In the aftermath, it became clear to industry officials that the federal Food and Drug Administration didn't have the manpower or funds to act swiftly to prevent another contamination and recall.
"We needed to move quickly and nobody else was doing it, so we had to do it ourselves," said Tom Nassif, president and chief executive officer of the Western Growers Association, which represents more than 3,000 farmers in Arizona and California.
"The entire spinach industry was shut down," said Kathy Means, spokeswoman for the Produce Marketing Association in Delaware. "It was a spider web of effects for businesses. So when we say why should any one company care about what others are doing, there's a reason."
Industries are typically loathe to welcome new regulations, but that thinking is evolving in the United States as entire industries — from toys to pet food to vegetables — suffer the fallout from individual cases of shoddy manufacturing or production.
"You're only as good as the weakest link," said Marty Ordman, spokesman for Dole Food Co. Inc., based in Westlake Village. Some of the contaminated spinach from last year's outbreak was packaged under the Dole label and it is Dole's position that food safety is an industrywide issue that calls for a national plan designed with industry involvement.
The model being eyed for this plan is the Western Growers' Leafy Greens Marketing Agreement, which is a voluntary system in California that Dole last year agreed to abide by.
"We feel that we've tightened our protocols and testing, and I think everybody in the industry is doing that," Ordman said.
Western Growers has been promoting legislation that would give federal regulators power to enforce a similar system nationwide for handlers of leafy greens.
At the same time, the U.S. Department of Food and Agriculture is considering two options: a marketing agreement that requires handlers to comply after voluntarily entering the program, or a marketing order that would require mandatory compliance for all handlers.
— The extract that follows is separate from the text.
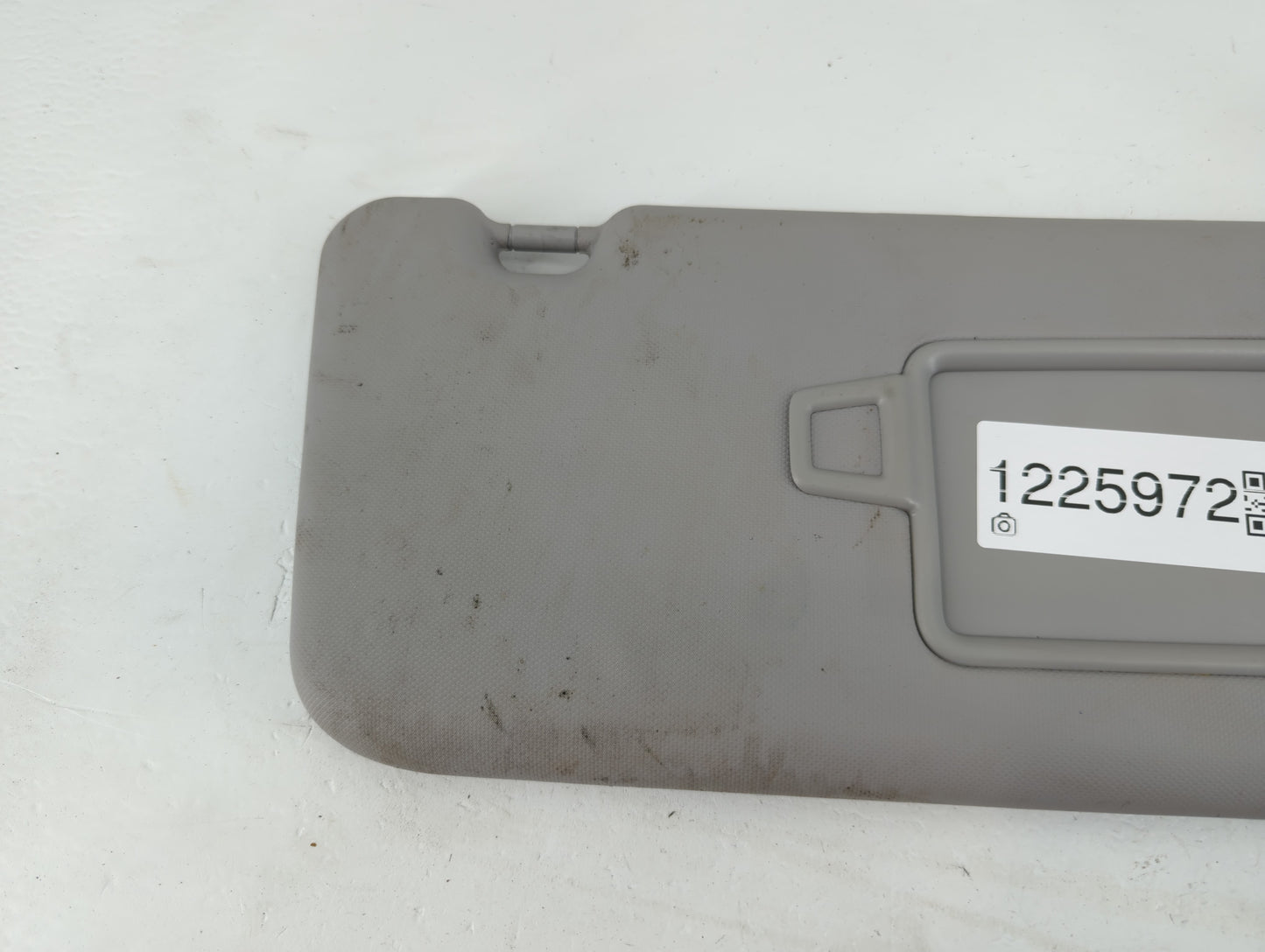 2018-2021 Hyundai Kona Sun Visor Shade Replacement Passenger Right Mirror Fits Fits 2018 2019 2020 2021 OEM Used Auto Parts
It posted a notice of its proposed rule Oct. 4 in the Federal Register. The public can comment about the proposal until Dec. 3.
The idea is to combine the best science with industry involvement, and state and federal inspections and enforcement, according to Paul Simonds, spokesman for Western Growers.
Industry leaders would like to see the standards applied to imported produce as well, because Americans are eating more imported fruits and vegetables, according to Dr. Randall Lutter, deputy commissioner for policy at the FDA.
Testifying before a House committee last month, Lutter said predictions are that the nation's food import volume will triple by 2015. Currently, about 15 percent of the U.S. food supply is imported, and fresh-fruit imports account for 50 to 60 percent of that portion.
The imports are of concern to American farmers who don't want their regulated products getting bad publicity should any of their imported competitors' standards not be up to par.
"We need regulations and we need them to apply to imports," Means said.
Without a level playing field, Nassif said, American farmers will be at a competitive disadvantage because regulations are expensive for companies to comply with.
There is legislation being debated, he said, that would require produce to be labeled with its country of origin.
"The question is," he said, "will the buyers go for the lower-priced product promoted, or will they buy the more expensive product from the States?"
Retailers, who might have sold lower quality foreign produce for the same price as domestic produce in years past, are becoming concerned, too, Nassif said.
"I don't think they'll change the prices," he said. "I just think they'll buy more domestic."